So langsam wie möglich

In der Philippuskirche wurden John Cages Klänge mit denen von New York verbunden

  So langsam wie möglich | In der Philippuskirche wurden John Cages Klänge mit denen von New York verbunden

Während die Zuschauer bier- und weintrinkend in der Philippuskirche sitzen, singen Arpen (A Forest) und Eva Milner (Hundreds) begleitet von einem Streicherquartett darüber, dass sie Tag und Nacht davon träumen, Liebe zu machen.
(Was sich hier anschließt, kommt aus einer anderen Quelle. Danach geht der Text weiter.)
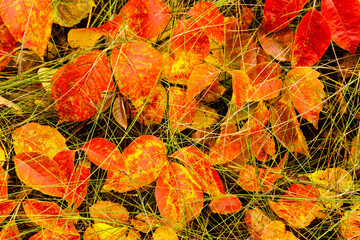 A pattern of poison Ivy, changing colors in late September following an early morning autumn rain, beneath the grass along the bike path near Trout Lake, Boulder Junction, Wisconsin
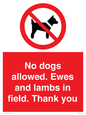 PV7264: No dogs allowed. Ewes and lambs in field. Thank you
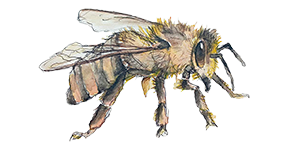 Biene Illustration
Am Samstagabend fand im Rahmen der Veranstaltungsreihe »Konzert am Kanal« das kontrastreiche Benefizkonzert mit dem Namen »As Slow As Possible – New York City Sound 2« statt.

Die Orgel, an der Daniel Beilschmidt sitzt, ist eigentlich kaum noch spielbar. Dennoch hat er auf der Jehmlich-Orgel der Philippuskirche den ersten Part des Stücks »ORGAN²/ASLSP« (As Slow As Possible) von John Cage beendet. Das Publikum, eine Mischung aus kunstinteressierten Menschen, sonntäglichen Kirchengängern und Hipstern zwischen 20 und 70 Jahren, wirkt leicht verwirrt, applaudiert aber heftig. Es ist nicht zuletzt auch von dem immer noch tollen Klang der über 100 Jahre alten Orgel angetan.
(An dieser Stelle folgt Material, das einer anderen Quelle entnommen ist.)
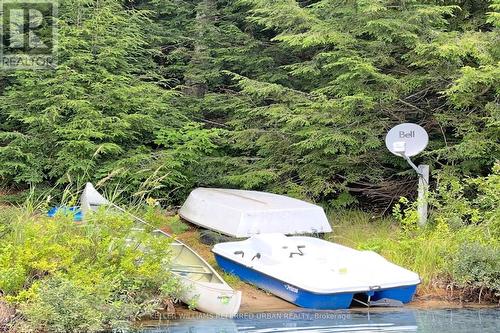 1118 Pine Lake Shores, Bracebridge, ON - Outdoor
Der Soloorganist und das Ensemble, das aus den vier Streichern des Lipsia Quartetts und den zwei Sängern Arpen und Eva Milner besteht, wechseln sich nach jedem Stück ab. Beilschmidt spielt Cage, sie covern New Yorker Musiker wie Lou Reed, Fiona Apple und David Byrne. Doch was heißt covern? Die Stücke wurden komplett neu arrangiert und sehr geschickt auf diese, für Pop und Rocksongs, ungewöhnliche Instrumentalisierung abgestimmt. So ergibt sich ein ständiger Wechsel zwischen Pop, Klassik und experimenteller Musik. Zum Beispiel wenn Eva Milner und Arpen beim Song »This Mess We’re In« von Thom Yorke und PJ Harvey zu den klassischen Klängen des Streicherquartetts über ihre Liebe und das Bedürfnis, damit einhergehende Triebe zu befriedigen, singen.

Doch obwohl das Konzept dieses Konzertabends, der letztes Jahr zum ersten Mal stattfand, der Sound und die neu arrangierten Songs viel Wirkung zeigen, fangen irgendwann einige Zuschauer an, sich bei den immer wiederkehrenden Orgelstücken von Cage zu langweilen. Anfangs sind diese Parts aufgrund des Kontrasts zum anderen Teil des Programms und dem Klang der Orgel interessant und schön, doch so ungewöhnlich das Stück, dessen Ansatz es ist, so langsam wie möglich gespielt zu werden, auch sein mag, fängt es dadurch mit der Zeit an, seinen Reiz zu verlieren, da es über seine insgesamt acht Parts relativ ähnlich und ungreifbar bleibt. So machen letztendlich vor allem die gemeinsamen Songs der Streicher und Sänger den Reiz des Programms aus – auch wenn das Stück von Cage ins Zentrum des Konzerts gestellt wurde.

Das Konzert endet wie es begonnen hat: Daniel Beilschmidt verwirrt und begeistert das Publikum, in dem er as slow as possible auf der Jehmlich-Orgel spielt. Die wird allerdings hoffentlich bald wieder wie neu scheinen, da der Spenden-Erlös des Konzerts für ihre Restaurierung verwendet wird.